Databend Cloud Architecture
- Meta-Service Layer
- Compute Layer
- Storage Layer
The metadata service is a multi-tenant service that stores the metadata of each tenant in Databend Cloud in a highly available Raft cluster. This metadata includes:
- Table schema: including the field structure and storage location information of each table, providing optimization information for query planning and providing transaction atomicity guarantee for the storage layer write;
- Cluster management: When the cluster of each tenant starts, multiple instances within the cluster will be registered as metadata and provide health checks for the instances to ensure the overall health of the cluster;
- Security management: saves user, role, and permission-granting information to ensure the security and reliability of data access authentication and authorization processes.

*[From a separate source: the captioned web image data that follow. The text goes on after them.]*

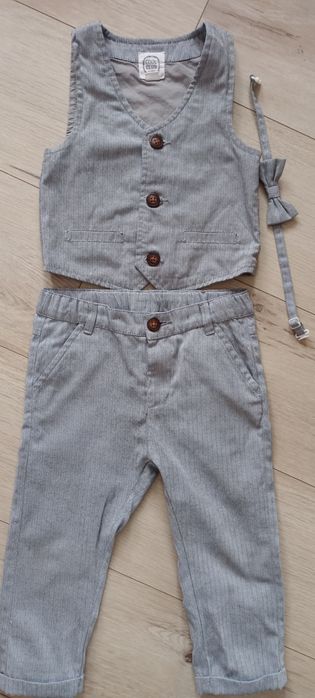 Kamizelka i spodnie garniturowe z muszką dla chłopca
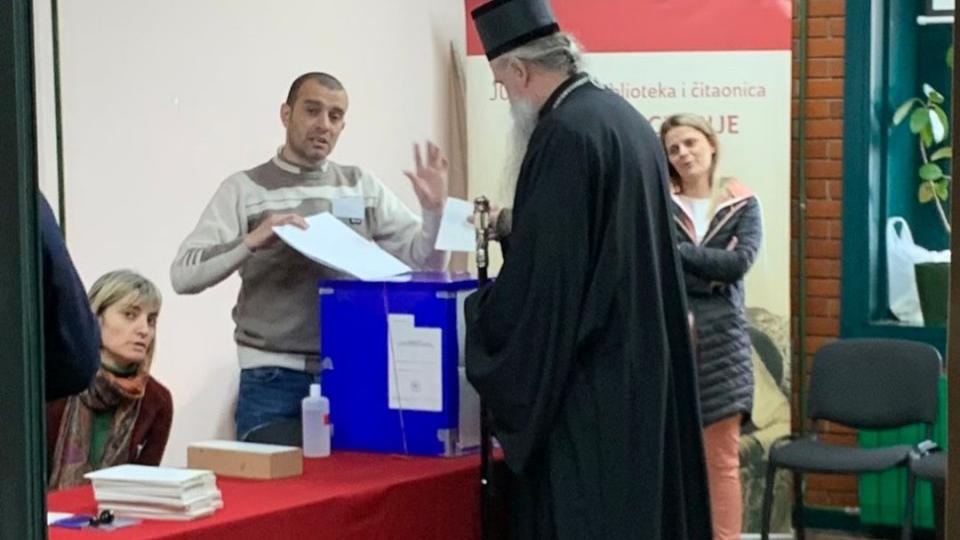 Mitropolit Joanikije glasao na Cetinju | Radio Televizija Budva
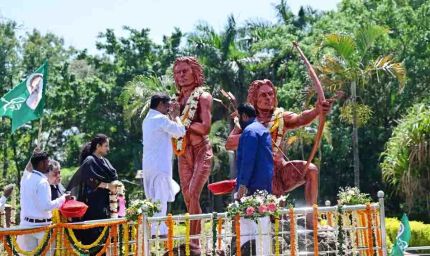हेमंत सोरेन ने सिदो-कान्हू जयंती पर दी श्रद्धांजलि, कहा- झारखंड वीरों की भूमि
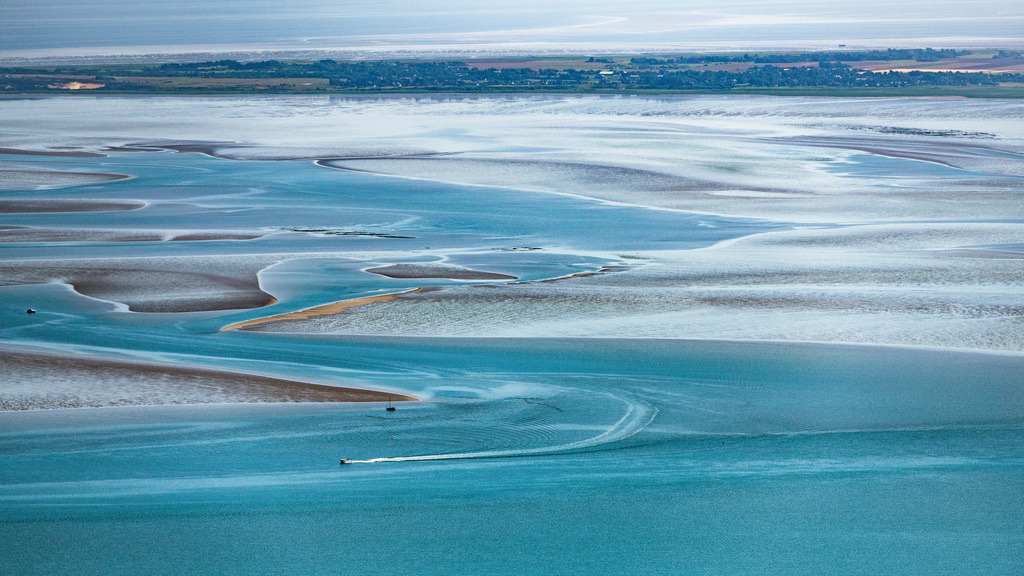 dr__0039441.jpg | KAMPEN (SYLT) 23.07.2019 Wattenmeer der Nordsee- Küste mit Blick auf Sylt in Kampen (Sylt) im Bundesland Schleswig-Holstein, Deutschland. // Wadden Sea of North Sea Coast with Blick auf Sylt in Kampen (Sylt) in the state Schleswig-Holstein, Germany. Foto: Daniel Reiter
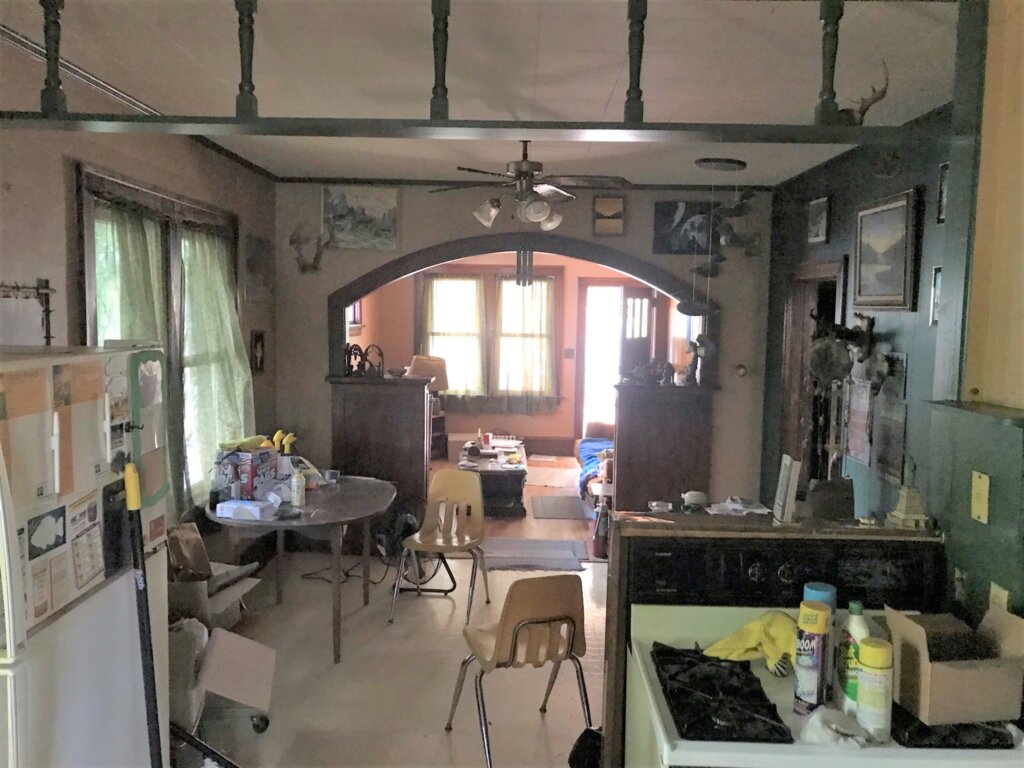 We buy houses in Eagan with kitchens that are not cleaned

The architecture of complete separation of storage and compute gives Databend Cloud a unique computational elasticity.
Each tenant in Databend Cloud can have multiple compute clusters (Warehouse), each with exclusive computing resources, and can automatically release them when inactive for more than 1 minute to reduce usage costs.
In the compute cluster, queries are executed through the high-performance Databend engine. Each query will go through multiple different submodules:
- Planner: After parsing the SQL statement, it will combine different operators (such as Projection, Filter, Limit, etc.) into a query plan based on different query types.
- Optimizer: The Databend engine provides a rule-based and cost-based optimizer framework, which implements a series of optimization mechanisms such as predicate pushdown, join reorder, and scan pruning, greatly accelerating queries.
- Processors: Databend implements a push-pull combination of pipeline execution engines. It composes the physical execution of queries into a series of pipelines in the Processor and can dynamically adapt the pipeline configuration based on the runtime information of the query task, combining the vectorized expression calculation framework to maximize the computing power of the CPU.
In addition, Databend Cloud can dynamically increase or decrease nodes in the cluster with the change of query workload, making computing faster and more cost-effective.
The storage layer of Databend Cloud is based on FuseEngine, which is designed and optimized for inexpensive object storage. FuseEngine efficiently organizes data based on the properties of object storage, allowing for high-throughput data ingestion and retrieval.
FuseEngine compresses data in a columnar format and stores it in object storage, which significantly reduces the data volume and storage costs.
In addition to storing data files, FuseEngine also generates index information, including MinMax index, Bloomfilter index, and others. These indexes reduce IO and CPU consumption during query execution, greatly improving query performance.